A poet, teacher, fictionist and literary critic, Edith Tiempo was one of the finest writers in English in the country. Her works were characterized by a remarkable fusion of style and substance, of craftsmanship and insight. Her poems were intricate verbal transfigurations of significant experiences as shown in her much anthologized pieces, “The Littlest Marmoset” and “Bonsai”. She was an influential tradition in Philippine literature in English, where Filipino sensibility was fully expressed as exemplified in her Abide, Joshua and Other Stories (1992) and His Native Coast (1979) which won the CCP Award for the Novel.
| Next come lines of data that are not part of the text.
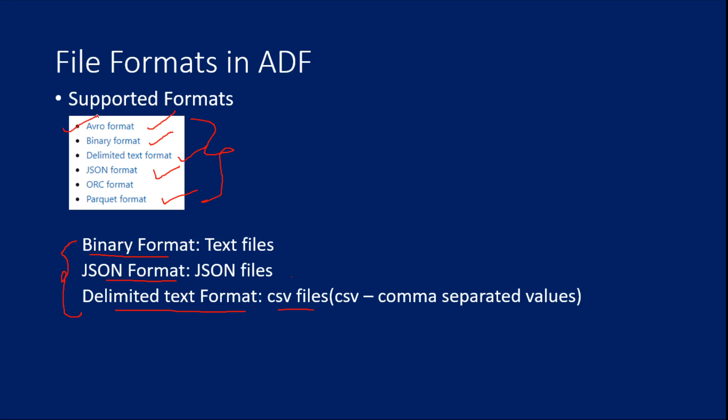That is Avro format, ORC and Parquet. So it would be good, you should know at least few details about these formats before working with Data Factory. That is the reason I planned this video to get a brief idea about these formats.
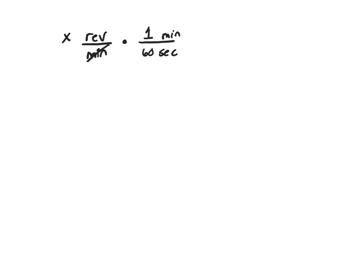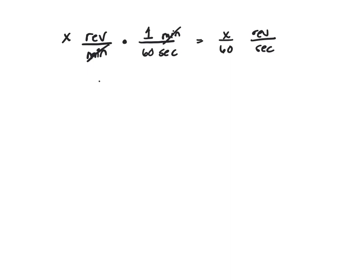So now the minutes cancel and you're left with x over 60 revolutions per second. And how many seconds? We want to figure it out in k seconds. So you need to multiply this by k.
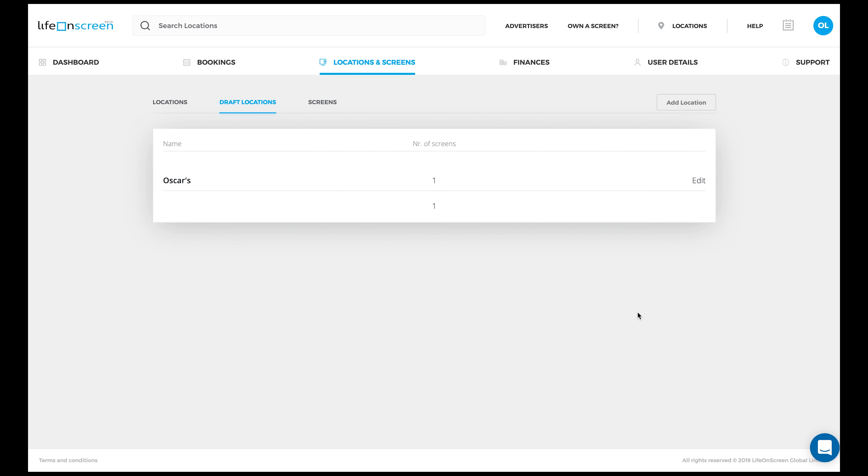After you submit your location, it will be placed in draft locations until it's approved by our team. You'll receive our decision through email. After it's approved, it will automatically be placed in the locations tab.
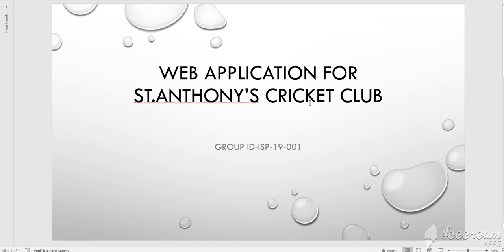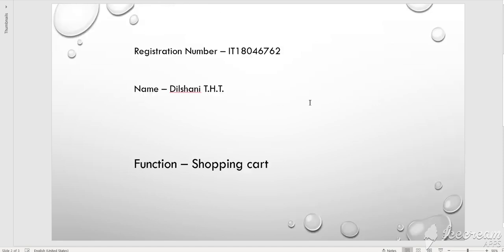I am Dilshani, THD. We are doing a web application for St. Anthony's Cricket Club.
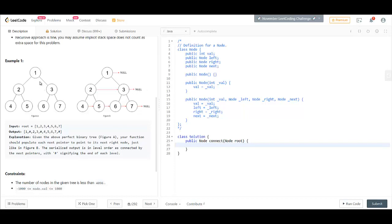Since this is a perfect binary tree, we will have either two nodes or no nodes. No incomplete nodes would be present in the tree.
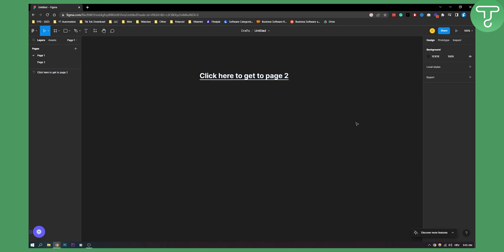So this is basically how to make links accessible or clickable in Figma. It's very simple, very easy and thank you guys for watching. We'll see you in the next video.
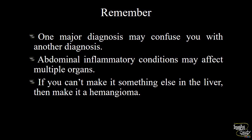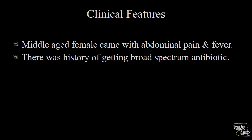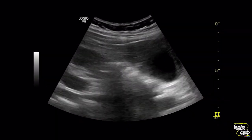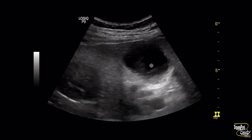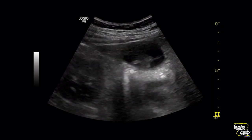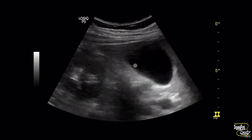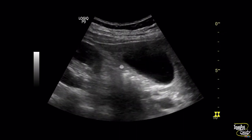Case number three — this will be a fairly easy case. A Middle Eastern female patient came with abdominal pain and fever. The patient was admitted to hospital with a history of receiving broad-spectrum antibiotics. Here is the ultrasound of the gallbladder. You can see an irregular mass-like area within the gallbladder lumen which is hypoechoic, with some echogenic foci noted within it.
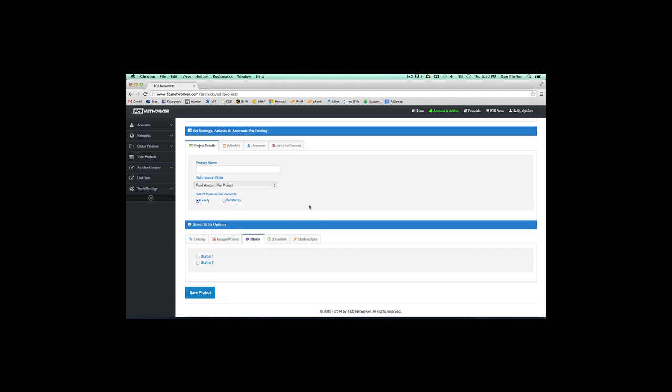Let's start with what exactly a blurb is. A blurb is usually a short piece of content that you're using to help spice up your articles. You can use them as a resource box, or you can use them to help curate content.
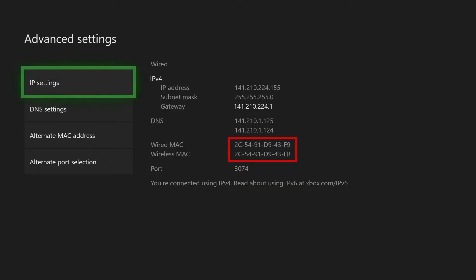From there, you should see your wired and wireless MAC addresses listed. They should appear as a series of 12 numbers and letters separated by colons or dashes. Make sure you write down these addresses.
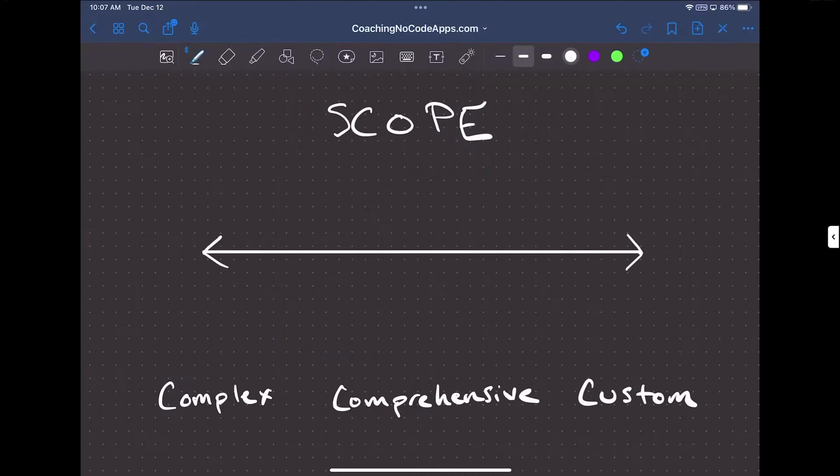There are so many no-code tools and platforms on the market today that it can be really hard to figure out which one to use. In this video, we're going to talk through a number of different variables you should be considering to make the right decision for your app or project.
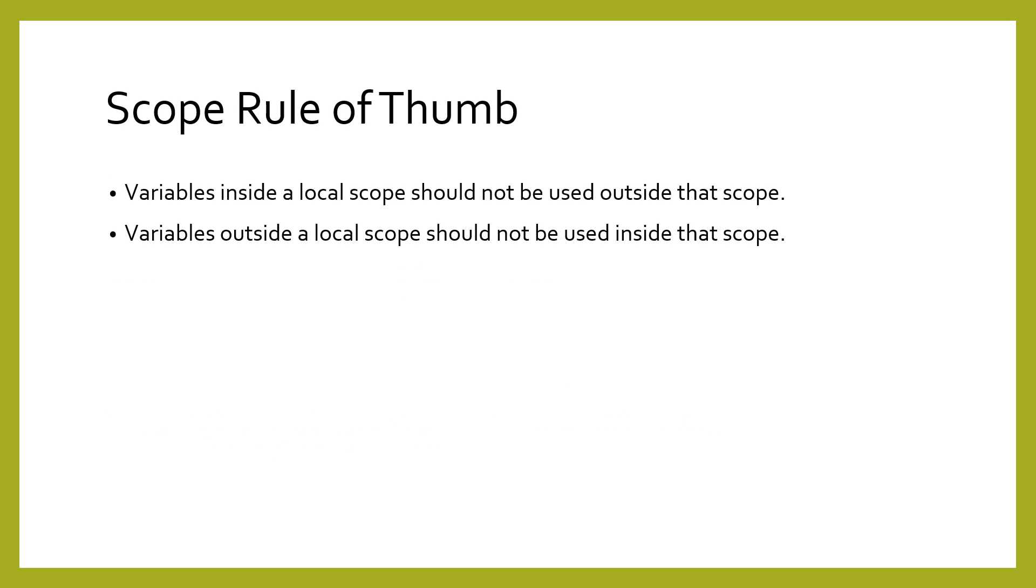Here is a simple pair of rules for working with scope. First, variables defined inside a local scope should not be used outside that scope. Second, variables outside a local scope should not be used inside that scope. Keeping these two rules in mind will avoid many headaches. At any time, you should be able to look at any program and determine if variables are inside or outside of a function's scope, and whether that is appropriate for that variable.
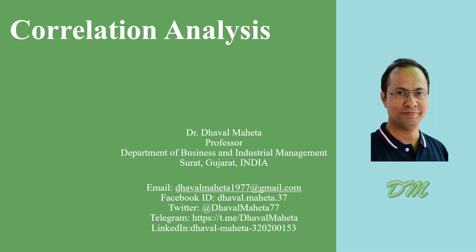Hello to all my viewers. This is Dr. Dawal Mehta and today we'll understand how to carry out correlation analysis in Excel.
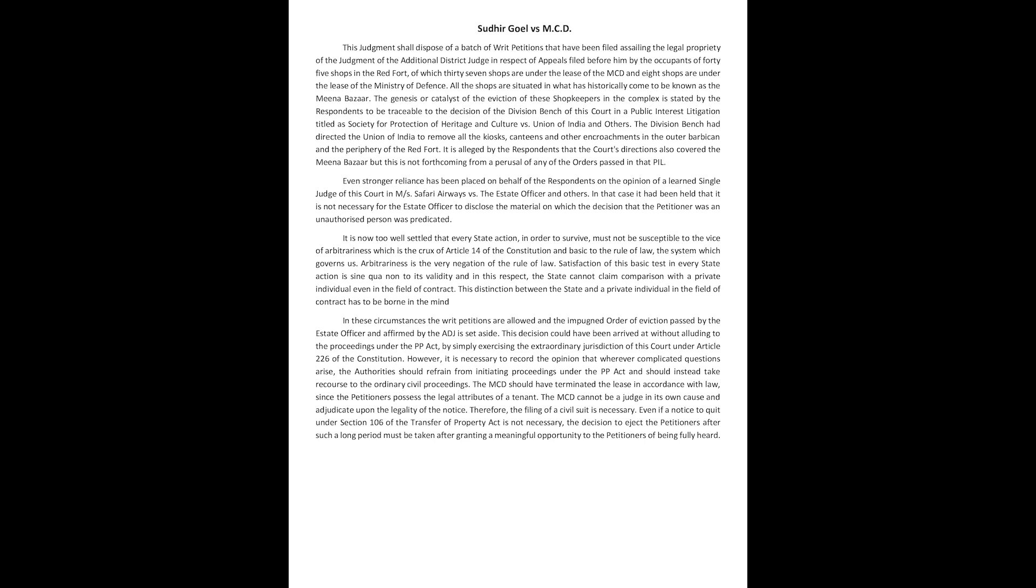In these circumstances, the writ petitions are allowed and the impugned order of eviction passed by the estate officer and affirmed by the ADJ is set aside. This decision could have been arrived at without alluding to the proceedings under the PP Act by simply exercising the extraordinary jurisdiction of this court under Article 226 of the Constitution.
Together with her late husband Edilberto K. Tiempo, she founded and directed the Silliman National Writers Workshop in Dumaguete City, which until now, has trained and produced some of the country’s best creative writers in English. She was a recipient of several awards from the Don Carlos Palanca Memorial Awards for Literature and the Philippines Free Press literary contests and the Elizabeth Luce Moore Distinguished Asia Professor Award (1978) and has received grants and fellowships from Rockefeller Foundation, the Ford Foundation and the Asia Foundation. She was listed in the Princeton Encyclopedia of Poets and Poetics, the International Authors and Writers Who’s Who, (Cambridge,1977), the Contemporary Living Poets in the English Language (London) and the Marquis’ Who’s Who in the World (Philadelphia, 1998).
Edith Tiempo was conferred the National Artist Award for Literature in 1999. She is survived by son Maldon, daughter Rowena T. Torrevillas, son-in-law Lemuel and grandchildren.